* [WHAT NEEDS TO BE DONE]:
In the data below, restate exactly the lines from the one with "Jacqueline Tie V Neck Denim Shift Dress" to the final line, both included, but not the pictures.

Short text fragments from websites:
****************************************

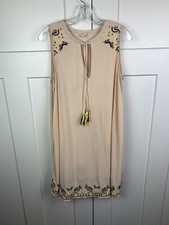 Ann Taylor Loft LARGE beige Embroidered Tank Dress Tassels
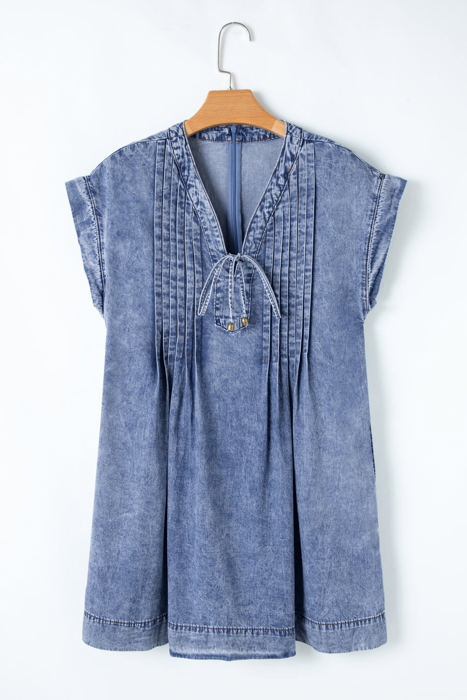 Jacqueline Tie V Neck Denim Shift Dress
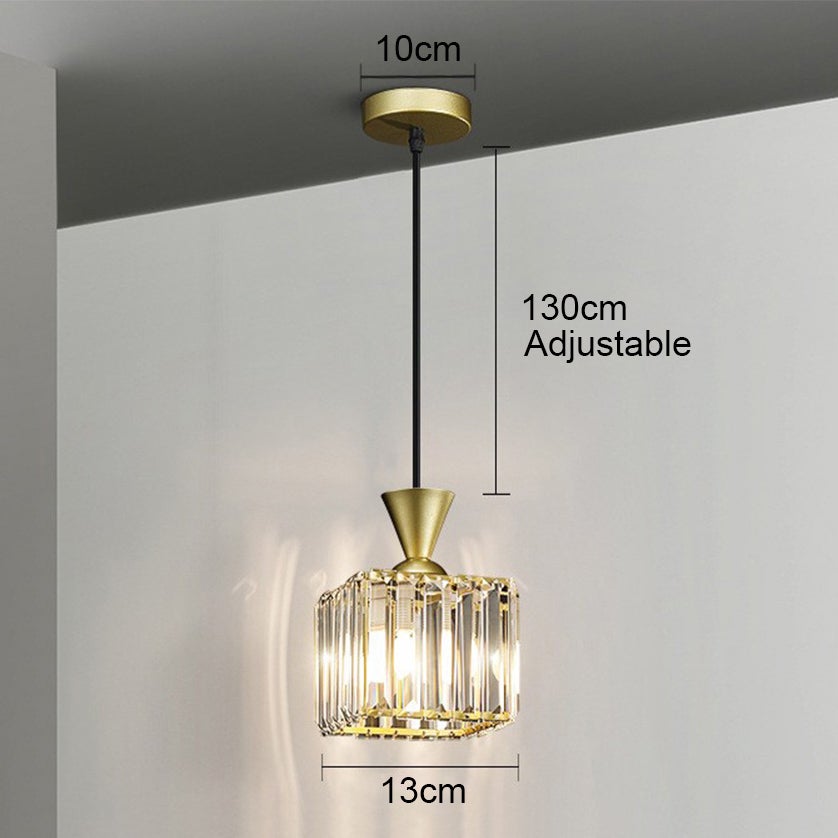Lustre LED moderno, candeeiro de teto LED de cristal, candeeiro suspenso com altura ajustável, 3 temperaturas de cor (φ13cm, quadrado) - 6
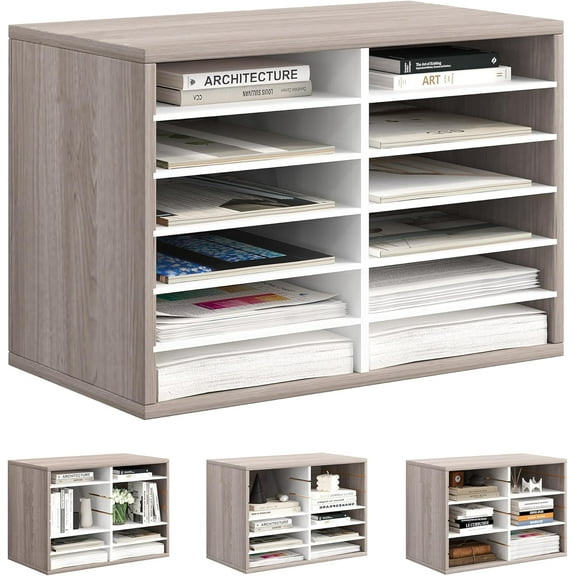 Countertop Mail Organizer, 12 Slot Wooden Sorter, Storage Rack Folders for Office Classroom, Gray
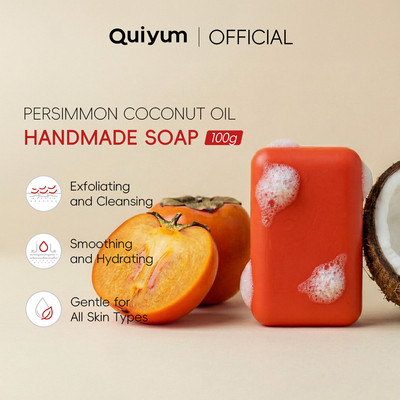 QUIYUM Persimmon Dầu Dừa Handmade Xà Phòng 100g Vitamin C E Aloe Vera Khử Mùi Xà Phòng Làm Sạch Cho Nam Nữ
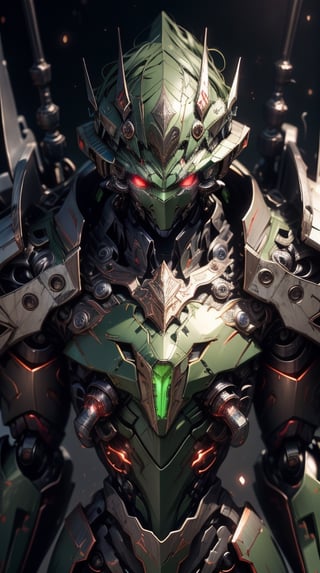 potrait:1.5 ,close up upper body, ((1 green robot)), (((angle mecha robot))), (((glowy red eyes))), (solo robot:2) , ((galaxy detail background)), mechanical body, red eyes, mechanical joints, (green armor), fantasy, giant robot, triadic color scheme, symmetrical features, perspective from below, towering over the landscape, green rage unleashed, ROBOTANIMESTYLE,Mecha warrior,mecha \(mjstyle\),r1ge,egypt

****************************************

* [EXERCISE SOLUTION]:
 Jacqueline Tie V Neck Denim Shift Dress
Lustre LED moderno, candeeiro de teto LED de cristal, candeeiro suspenso com altura ajustável, 3 temperaturas de cor (φ13cm, quadrado) - 6
 Countertop Mail Organizer, 12 Slot Wooden Sorter, Storage Rack Folders for Office Classroom, Gray
 QUIYUM Persimmon Dầu Dừa Handmade Xà Phòng 100g Vitamin C E Aloe Vera Khử Mùi Xà Phòng Làm Sạch Cho Nam Nữ
 potrait:1.5 ,close up upper body, ((1 green robot)), (((angle mecha robot))), (((glowy red eyes))), (solo robot:2) , ((galaxy detail background)), mechanical body, red eyes, mechanical joints, (green armor), fantasy, giant robot, triadic color scheme, symmetrical features, perspective from below, towering over the landscape, green rage unleashed, ROBOTANIMESTYLE,Mecha warrior,mecha \(mjstyle\),r1ge,egypt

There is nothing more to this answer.